When Leon Silver opened the golden shutter of the ark at the East London Central Synagogue in Nelson St for me, a stash of Torah scrolls were revealed shrouded in ancient velvet with embroidered texts in silver thread gleaming through the gloom, caught by last rays of afternoon sunlight.

Leon told me that no-one any longer knows the origin of all these scrolls, which were acquired as synagogues closed or amalgamated with the departure of Jewish people from the East End since World War II. Many scrolls were brought over in the nineteenth century from all across Eastern Europe, and some are of the eighteenth century or earlier, originating from communities that no longer exist and places that vanished from the map generations ago.

Yet the scrolls are safe in Nelson St under the remarkable stewardship of Leon Silver, President, Senior Warden & Treasurer, who has selflessly devoted himself to keeping this beautiful synagogue open for the small yet devoted congregation – mostly in their eighties and nineties – for whom it fulfils a vital function. An earlier world still glimmers here in this beautiful synagogue that may not have seen a coat of new paint in a while, but is well tended by Leon and kept perfectly clean with freshly hoovered carpet and polished wood by a diligent cleaner of ninety years old.

As the sunlight faded, Leon and I sat at the long table at the back of the lofty synagogue where refreshments are enjoyed after the service, and Leon’s cool grey eyes sparkled as he spoke of this synagogue that means so much to him, and of its place in the lives of his congregation.

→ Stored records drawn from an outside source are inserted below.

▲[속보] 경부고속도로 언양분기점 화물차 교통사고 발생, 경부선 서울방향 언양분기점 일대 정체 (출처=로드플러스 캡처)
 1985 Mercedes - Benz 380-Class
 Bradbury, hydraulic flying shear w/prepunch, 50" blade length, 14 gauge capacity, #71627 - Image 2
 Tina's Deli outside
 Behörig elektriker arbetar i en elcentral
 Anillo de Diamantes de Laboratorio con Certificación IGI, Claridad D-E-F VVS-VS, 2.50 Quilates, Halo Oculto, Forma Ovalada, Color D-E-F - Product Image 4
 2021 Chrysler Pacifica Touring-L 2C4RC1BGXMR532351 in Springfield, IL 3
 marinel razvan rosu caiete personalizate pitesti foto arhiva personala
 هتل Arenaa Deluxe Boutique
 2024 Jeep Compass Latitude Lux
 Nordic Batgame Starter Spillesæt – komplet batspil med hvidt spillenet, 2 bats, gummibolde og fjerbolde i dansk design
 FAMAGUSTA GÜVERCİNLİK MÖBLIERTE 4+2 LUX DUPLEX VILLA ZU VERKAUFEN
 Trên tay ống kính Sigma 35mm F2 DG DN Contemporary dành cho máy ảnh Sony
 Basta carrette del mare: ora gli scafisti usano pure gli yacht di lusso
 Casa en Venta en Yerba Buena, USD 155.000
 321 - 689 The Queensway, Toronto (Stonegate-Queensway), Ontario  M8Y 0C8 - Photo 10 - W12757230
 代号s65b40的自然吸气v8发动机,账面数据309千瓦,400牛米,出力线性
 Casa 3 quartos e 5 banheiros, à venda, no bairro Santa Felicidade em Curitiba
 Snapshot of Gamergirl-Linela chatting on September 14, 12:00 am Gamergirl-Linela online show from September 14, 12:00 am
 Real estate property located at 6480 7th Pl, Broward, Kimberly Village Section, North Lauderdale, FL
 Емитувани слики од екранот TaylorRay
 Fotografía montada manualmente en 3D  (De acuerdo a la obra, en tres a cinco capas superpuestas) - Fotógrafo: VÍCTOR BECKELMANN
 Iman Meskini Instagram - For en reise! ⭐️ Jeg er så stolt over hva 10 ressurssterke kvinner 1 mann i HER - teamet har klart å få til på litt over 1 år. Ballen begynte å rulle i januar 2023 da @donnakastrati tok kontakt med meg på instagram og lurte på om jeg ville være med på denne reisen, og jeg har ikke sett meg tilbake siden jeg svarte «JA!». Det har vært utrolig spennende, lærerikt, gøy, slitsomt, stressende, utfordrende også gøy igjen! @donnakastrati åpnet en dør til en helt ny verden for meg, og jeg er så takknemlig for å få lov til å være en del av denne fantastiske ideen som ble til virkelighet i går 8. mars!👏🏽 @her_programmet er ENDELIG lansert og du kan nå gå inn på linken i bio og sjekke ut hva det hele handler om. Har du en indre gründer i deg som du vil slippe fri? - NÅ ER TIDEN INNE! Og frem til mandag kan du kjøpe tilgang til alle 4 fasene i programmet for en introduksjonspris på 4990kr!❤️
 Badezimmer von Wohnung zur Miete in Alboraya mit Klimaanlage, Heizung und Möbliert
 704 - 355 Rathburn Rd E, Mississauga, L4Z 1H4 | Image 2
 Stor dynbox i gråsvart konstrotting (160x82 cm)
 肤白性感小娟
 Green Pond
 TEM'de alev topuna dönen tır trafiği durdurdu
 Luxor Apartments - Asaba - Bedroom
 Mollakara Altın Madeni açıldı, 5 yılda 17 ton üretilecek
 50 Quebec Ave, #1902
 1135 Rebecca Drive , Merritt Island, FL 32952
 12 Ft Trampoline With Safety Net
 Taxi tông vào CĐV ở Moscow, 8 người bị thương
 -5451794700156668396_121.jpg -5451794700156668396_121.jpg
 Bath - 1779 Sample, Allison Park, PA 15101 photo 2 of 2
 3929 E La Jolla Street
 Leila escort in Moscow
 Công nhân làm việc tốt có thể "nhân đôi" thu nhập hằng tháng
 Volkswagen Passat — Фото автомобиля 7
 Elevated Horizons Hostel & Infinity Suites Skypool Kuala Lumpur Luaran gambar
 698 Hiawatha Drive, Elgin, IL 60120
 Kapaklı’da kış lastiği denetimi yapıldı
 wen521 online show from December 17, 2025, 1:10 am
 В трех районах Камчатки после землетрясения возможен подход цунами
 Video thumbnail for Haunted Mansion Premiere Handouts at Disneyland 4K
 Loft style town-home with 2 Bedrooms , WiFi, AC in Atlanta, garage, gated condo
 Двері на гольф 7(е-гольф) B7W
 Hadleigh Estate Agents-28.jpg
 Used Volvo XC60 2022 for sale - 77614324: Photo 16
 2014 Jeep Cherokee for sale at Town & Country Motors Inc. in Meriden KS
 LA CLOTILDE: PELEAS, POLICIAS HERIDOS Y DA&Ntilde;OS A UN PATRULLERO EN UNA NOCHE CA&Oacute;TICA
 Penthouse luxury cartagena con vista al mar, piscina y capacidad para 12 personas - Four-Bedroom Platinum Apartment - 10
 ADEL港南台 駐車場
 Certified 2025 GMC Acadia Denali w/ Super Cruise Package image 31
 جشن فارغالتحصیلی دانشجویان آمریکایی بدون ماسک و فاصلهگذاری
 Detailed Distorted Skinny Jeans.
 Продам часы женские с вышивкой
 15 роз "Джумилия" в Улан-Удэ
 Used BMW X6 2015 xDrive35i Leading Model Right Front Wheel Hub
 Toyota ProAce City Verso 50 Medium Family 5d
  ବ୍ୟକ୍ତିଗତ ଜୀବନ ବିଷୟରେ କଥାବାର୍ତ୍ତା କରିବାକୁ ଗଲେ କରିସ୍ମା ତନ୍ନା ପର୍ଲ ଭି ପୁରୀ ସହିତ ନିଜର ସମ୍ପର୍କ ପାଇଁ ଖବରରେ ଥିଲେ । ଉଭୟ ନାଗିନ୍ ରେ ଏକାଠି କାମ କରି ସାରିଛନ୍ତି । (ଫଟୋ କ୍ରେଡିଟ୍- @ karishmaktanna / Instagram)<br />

“I grew up in the East End, in Albert Gardens, half a mile from here. I first came to the synagogue as a little boy of four years old and I’ve been coming here all my life. Three generations of my family have been involved here, my maternal grandfather was the vice-president and my late uncle’s mother’s brother was the last president, he was still taking sacrament at ninety-five. My father used to come here to every service in the days when it was twice daily. And when I was twenty-nine, I came here to recite the mourner’s prayer after my father died. I remember when it was so crowded on the Sabbath, we had to put benches in front of the bimmah to accommodate everyone, now it is a much smaller congregation but we always get the ten you need to hold a service.

I’m a professional actor, so it gives me plenty of free time. I was asked to be the Honorary Treasurer and told that it entailed no responsibility – which was entirely untrue – and I’ve done it ever since. As people have died or moved away, I have taken on more responsibility. It means a lot to me. There was talk of closing us down or moving to smaller premises, but I’ve fought battles and we are still here. I spend quite a lot of hours at the end of the week. We have refreshments after the service, cake, crisps and whisky. I do the shopping and put out the drinks. The majority here are quite elderly and they are very friendly, everyone gets on well, especially when they have had a few drinks. In the main, they are East Enders. We don’t ask how they come because strictly speaking you shouldn’t ride the bus on the Sabbath. Now, even if young Jewish people wanted to come to return to the East End there are no facilities for them. No kosher butcher or baker, just the kosher counter at Sainsburys.

My father’s family came here at the end of the nineteenth century, and my maternal grandfather Lewis (who I’m named after) came at the outbreak of the First World War. As a resident alien, he had to report to Leman St Police Station every day. He came from part of the Austro-Hungarian Empire and he came on an Austrian passport, but when my mother came in 1920, she came on a Polish passport. Then in 1940, my grandfather and his brothers were arrested and my grandmother was put in Holloway Prison, before they were all interned on the Isle of Man. Then my uncle joined the British army and was told on his way to the camp that his parents had been released. My grandparents’ families on both sides died in the Holocaust. My mother once tried to write a list of all the names but she gave up after fifty because it was too upsetting. And this story is true for most of the congregation at the synagogue. One man of ninety from Alsace, he won’t talk about it. A lot of them won’t talk about it. These people carry a lot of history and that’s why it’s important for them to come together.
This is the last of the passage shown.